About this exercise: As an exercise in exact copying, transcribe the lines below from the one holding "1B3HB28B88D****** Salvage and" through the last, with both ends included and pictures left out.

Image-text web data
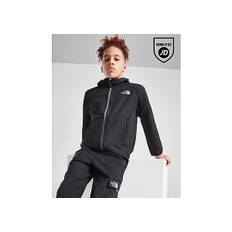 The North Face Trishull Jacket Junior, Black - L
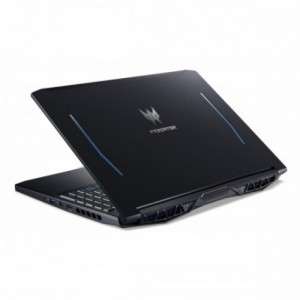 Acer Predator PH315-53-79Q0 NH.Q7XEZ.005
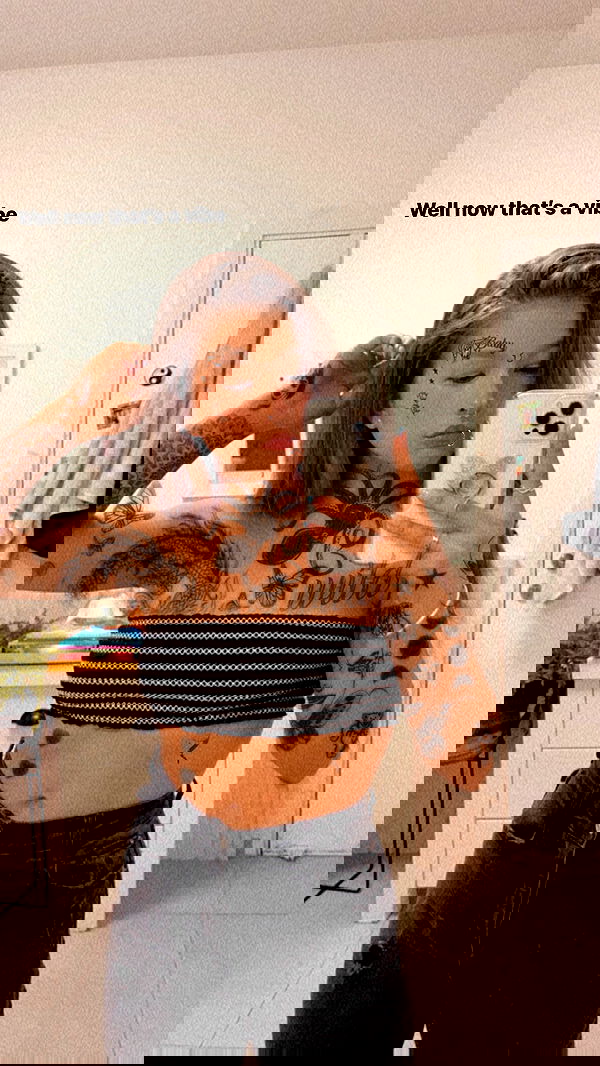 kesemgreenyer image ~ Altpins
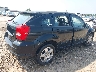 1B3HB28B88D****** Salvage and Wrecked 2008 Dodge Caliber in Alabama State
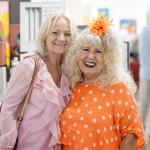 IN TIME – OPENING NIGHT PHOTOS (13)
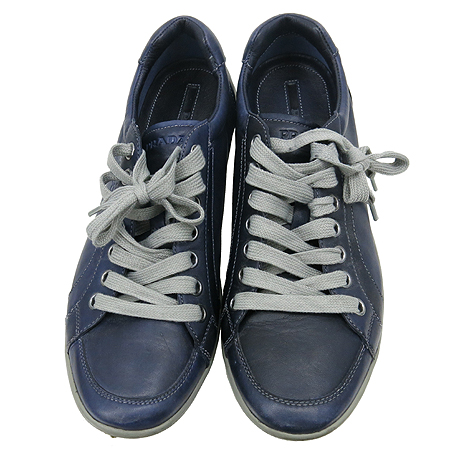 Prada() ̺   Ŀ ̹4 - ̺ ߰ǰ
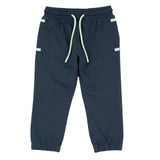 Pantalone tuta bambino - Chicco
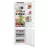 Frigider incorporabil HANSA BK347.3NF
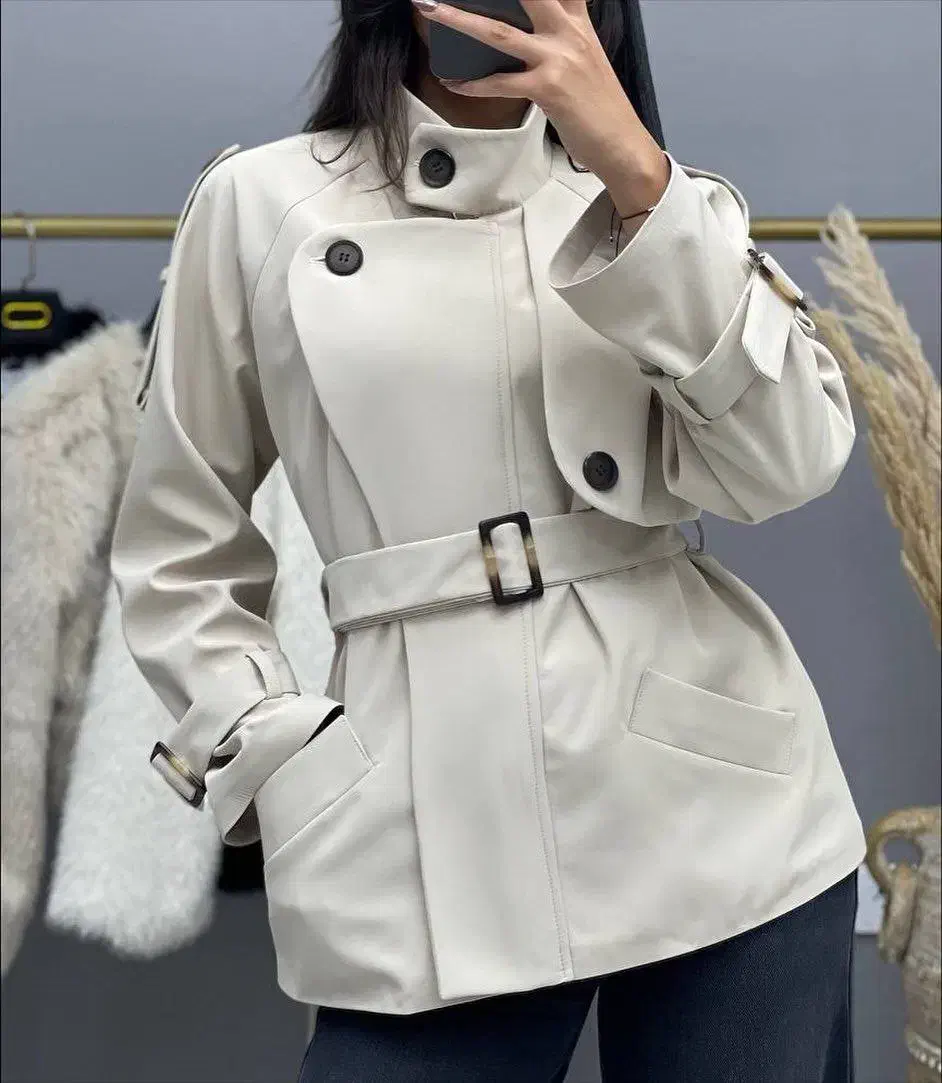 بوتیک زنانه مسیح گل کارها تینیجرواسپرت قیمت تولید|لباس|لردگان, |دیوار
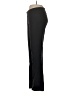 Athleta Solid Black Active Pants Size M - photo 5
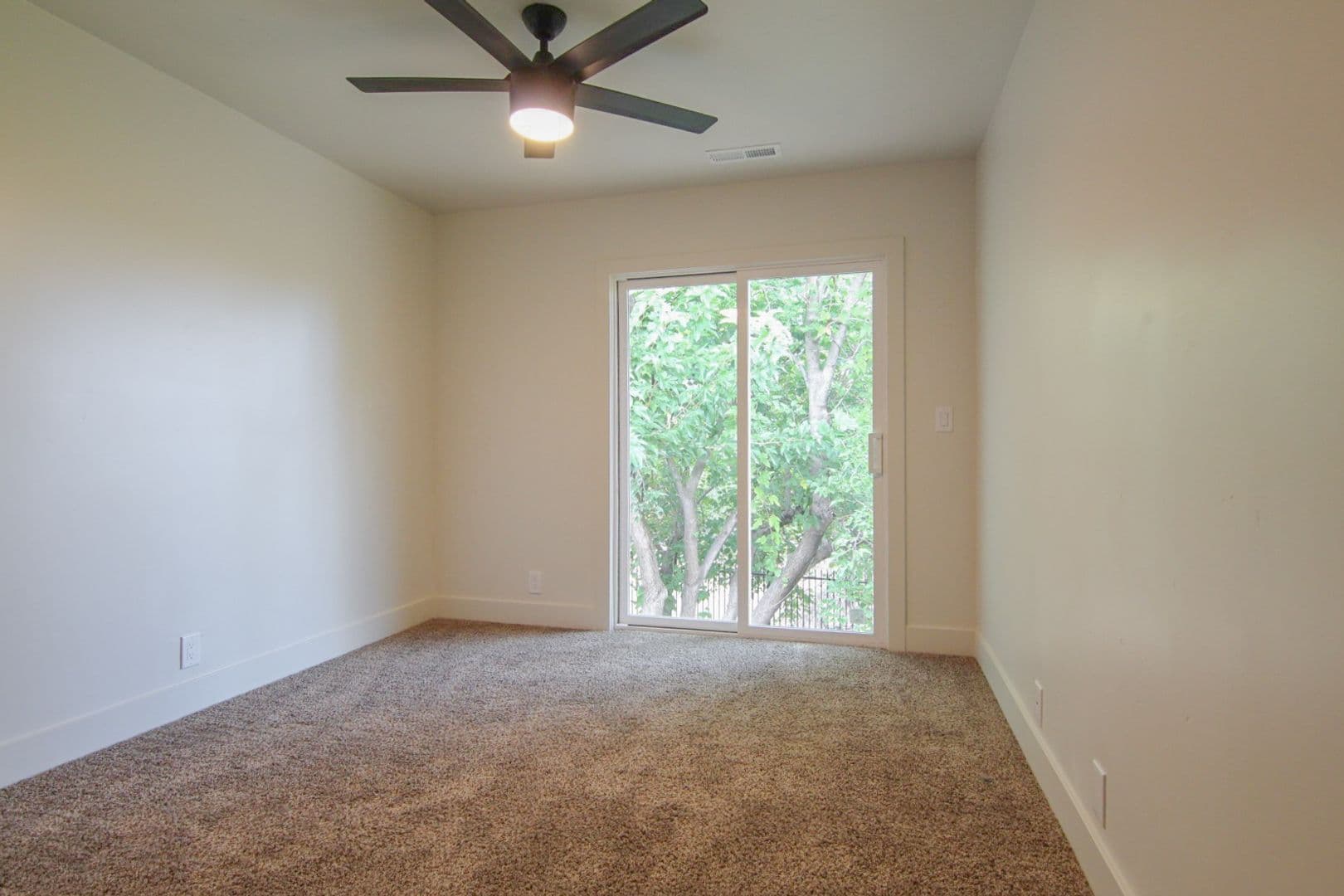 Redding Apartment: 170 Masonic Ave
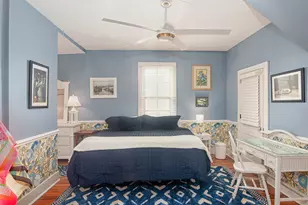 210 Cannon St, Georgetown, SC 29440 - Photo 12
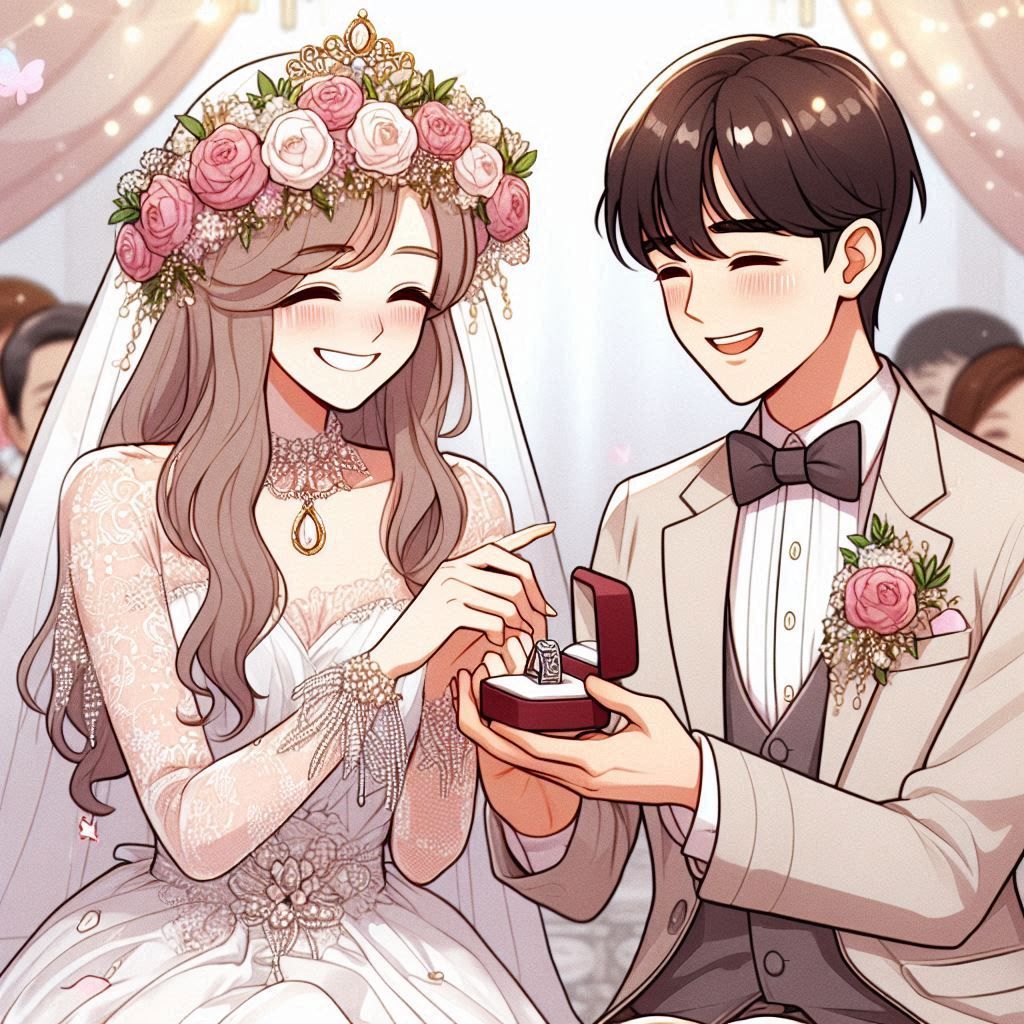 [쉬운 판례 읽기 1편] 반지와 보석의 운명은? 이미지 1
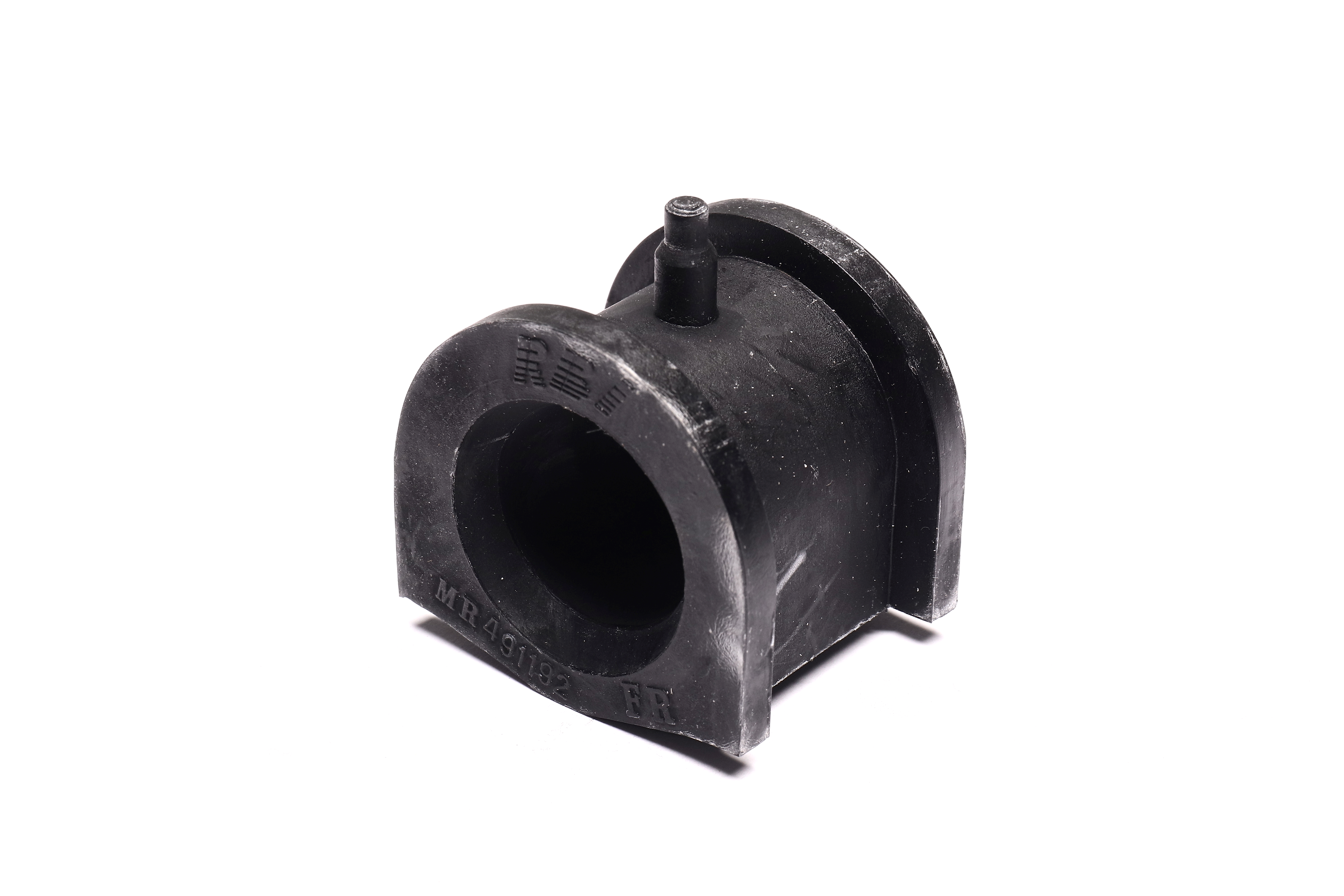 productPage.gallery.imageAlt 6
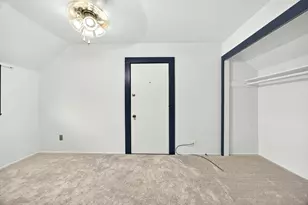 838 Dakota Ave, Medford, OR 97501 - Photo 9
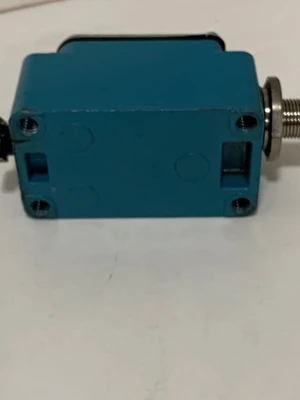 USED Micro Switch 1LS131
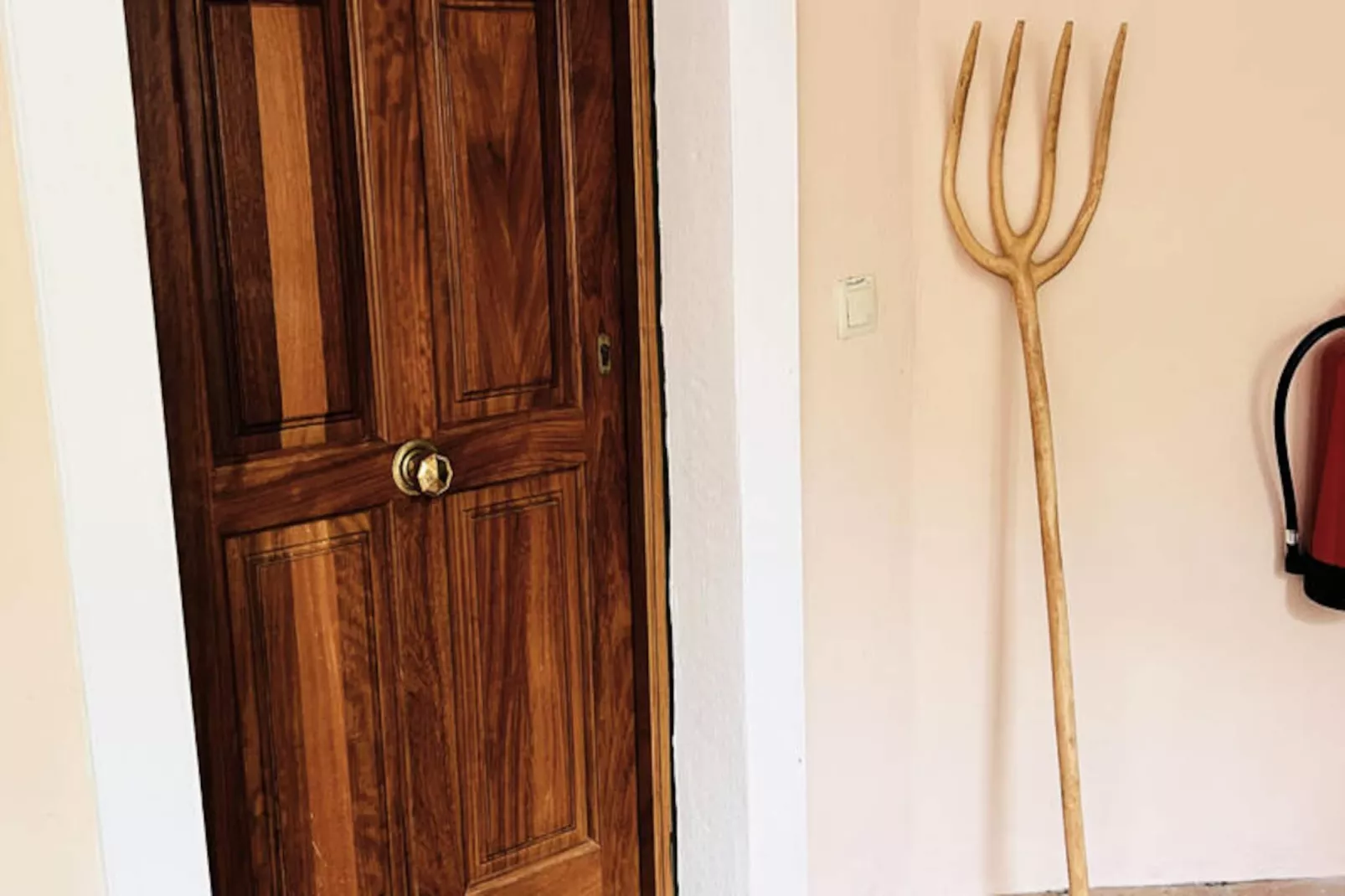 Appartements à Benahavís-Niet-getagd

Reply:
 1B3HB28B88D****** Salvage and Wrecked 2008 Dodge Caliber in Alabama State
 IN TIME – OPENING NIGHT PHOTOS (13)
 Prada() ̺   Ŀ ̹4 - ̺ ߰ǰ
 Pantalone tuta bambino - Chicco
 Frigider incorporabil HANSA BK347.3NF
 بوتیک زنانه مسیح گل کارها تینیجرواسپرت قیمت تولید|لباس|لردگان, |دیوار
 Athleta Solid Black Active Pants Size M - photo 5
 Redding Apartment: 170 Masonic Ave
 210 Cannon St, Georgetown, SC 29440 - Photo 12
 [쉬운 판례 읽기 1편] 반지와 보석의 운명은? 이미지 1
 productPage.gallery.imageAlt 6
 838 Dakota Ave, Medford, OR 97501 - Photo 9
 USED Micro Switch 1LS131
 Appartements à Benahavís-Niet-getagd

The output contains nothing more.